By Bob Spitz (Adult Books, 856 pages, $29.95)

Despite their iconic status and the billions of words written and spoken about them, the Beatles have received relatively little systematic, documented, biographical treatment. Hunter Davies' 1967 book, The Beatles: the Authorized Biography, still remains the best insider's rendering of their career to that point, although many fans swear by Shout!: The Beatles In Their Generation by Philip Norman. And Mark Lewisohn's The Beatles Chronicle and The Beatles' Recording Sessions provide a meticulous factual account of the Beatles' public career as performers and recording artists. The Beatles themselves weighed in with the Anthology project in the mid-1990s, but even its value was limited by the surviving Beatles' 30-year habit of self-censorship.

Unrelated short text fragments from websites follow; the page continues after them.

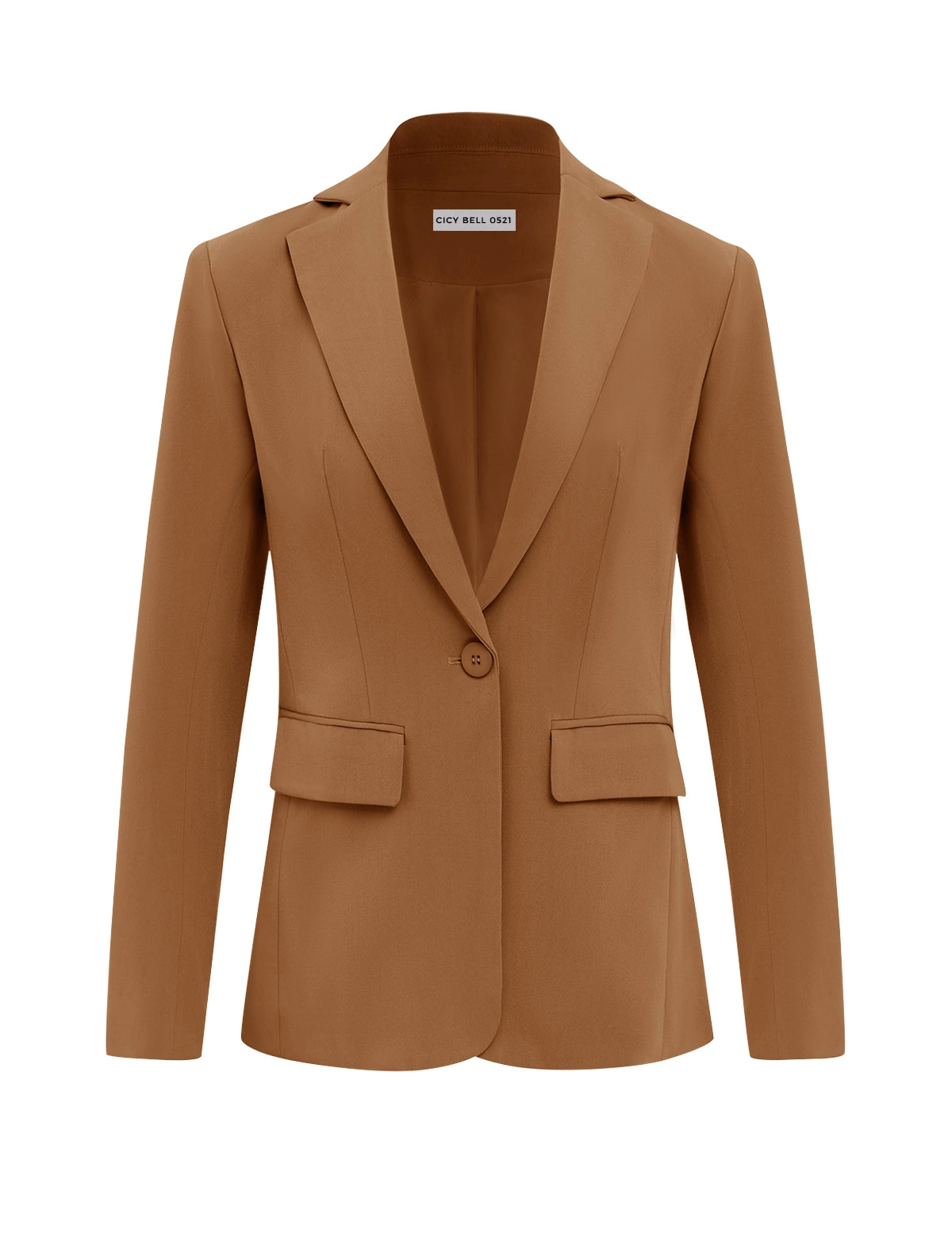 CICYBELL-Women-Brown-Blazer-KY0521_1.webp
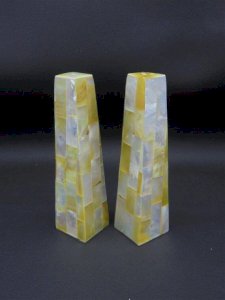 Salière et poivrière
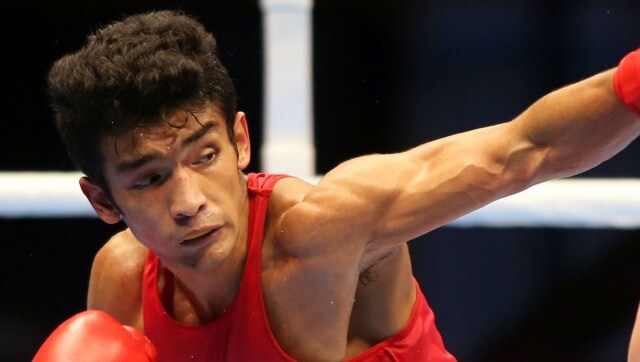 Shiva Thapa entra a los cuartos de final – Sport News, Firstpost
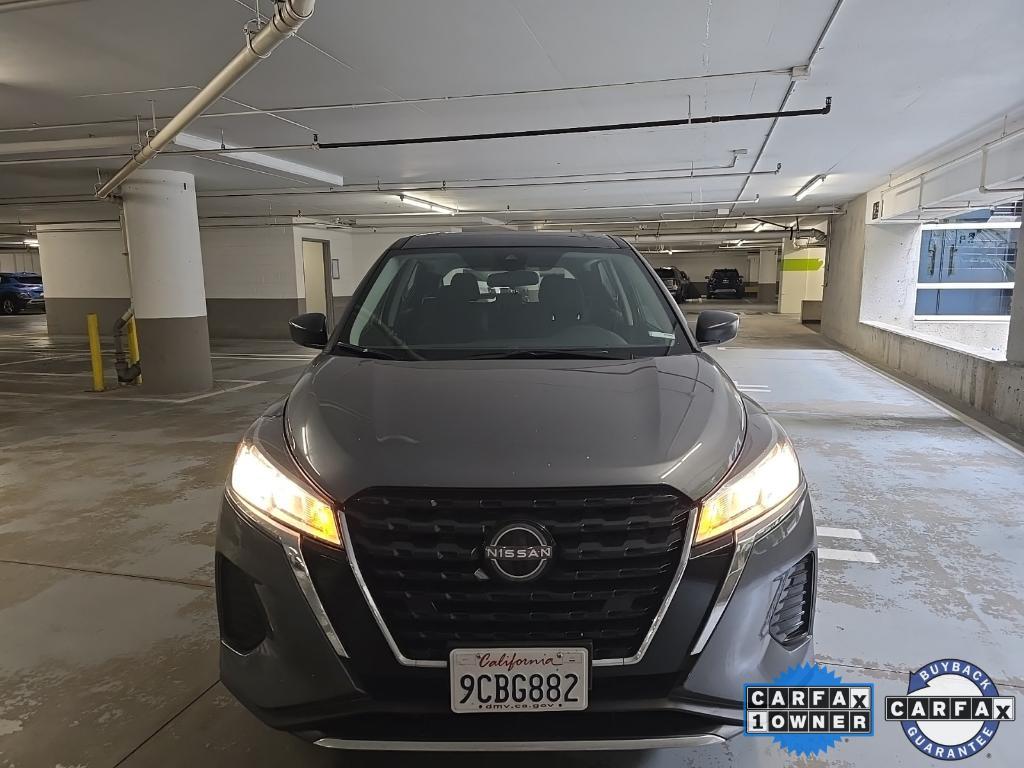 used 2022 Nissan Kicks car, priced at $17,477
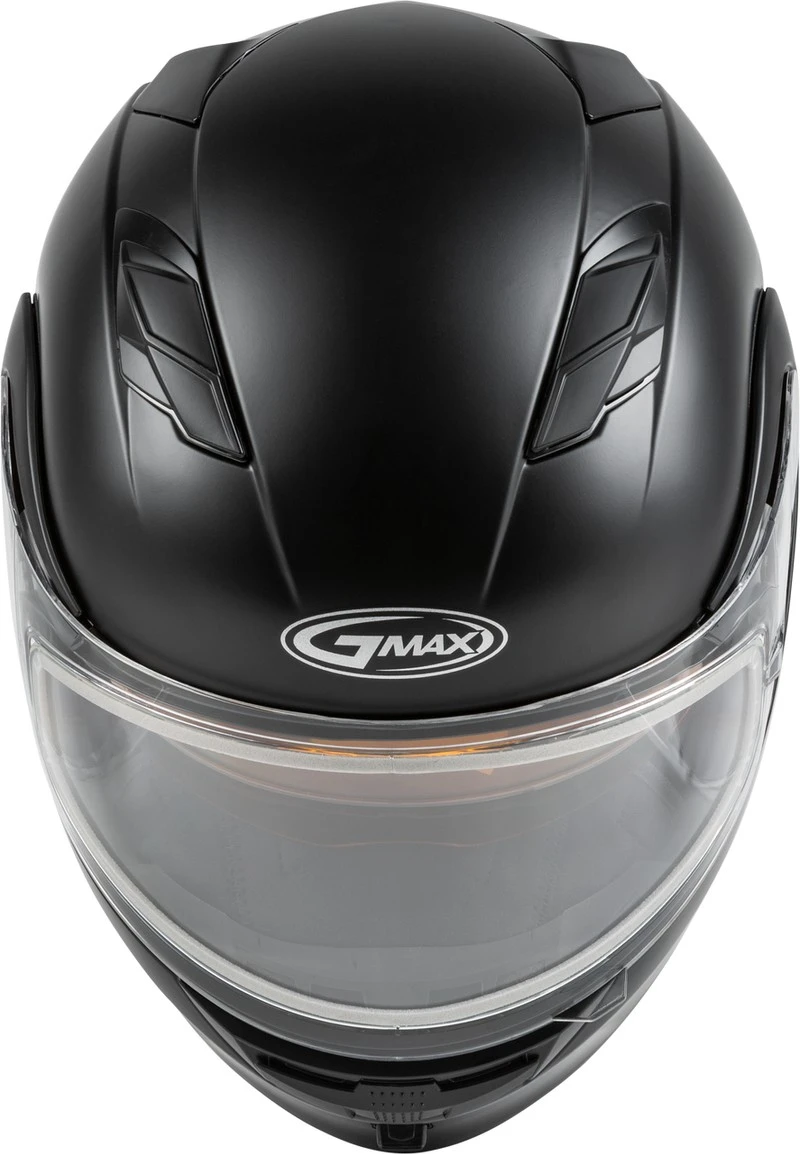 GMAX MD-01S Modular Snow Helmet Solid W/Quick Release Buckle Dual Shield 10 GMAX MD-01S Modular Snow Helmet Solid W/Quick Release Buckle Dual Shield - Image 10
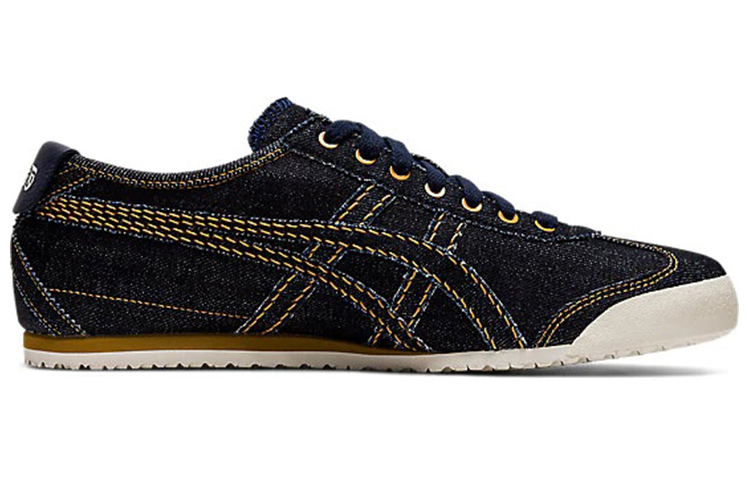 Onitsuka Tiger Mexico 66 Black/Blue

Now we have Bob Spitz's new entry, The Beatles: the Biography. The book is thick, with an ambitious title; The Beatles now have The Biography, 856 pages of it. Spitz has set himself the daunting task of producing the first thoroughly documented account of the Beatles, featuring nearly a hundred pages of notes, bibliography, and discography.

This hefty volume's real novelty and interest can be deduced by checking two major events against the page number. Ringo Starr finally joins the band on page 329 and The Beatles' epoch-making debut performance on The Ed Sullivan Show occurs on page 472. The Beatles' Liverpudlian upbringings, the development of their early career, and their youthful relationships receive the most complete and authoritative coverage ever. Spitz has found numerous people with fresh information about the North England nurturing of all four, and their world of school, early gigs, and romantic adventure has never been so well told.

Once The Beatles become the world-wide phenomenon on which anyone can get an interpretive purchase, Spitz's book gets pretty ordinary pretty fast. The usual villains emerge -- the Maharishi, Yoko Ono, and Allen Klein -- and Spitz does no better or worse than anybody else in depicting the feckless entrepreneurship of the Apple Corp. adventure and the tawdry squabbling that marked the last year of their career. Even the most hardcore fan will learn something from the first half of the book, though.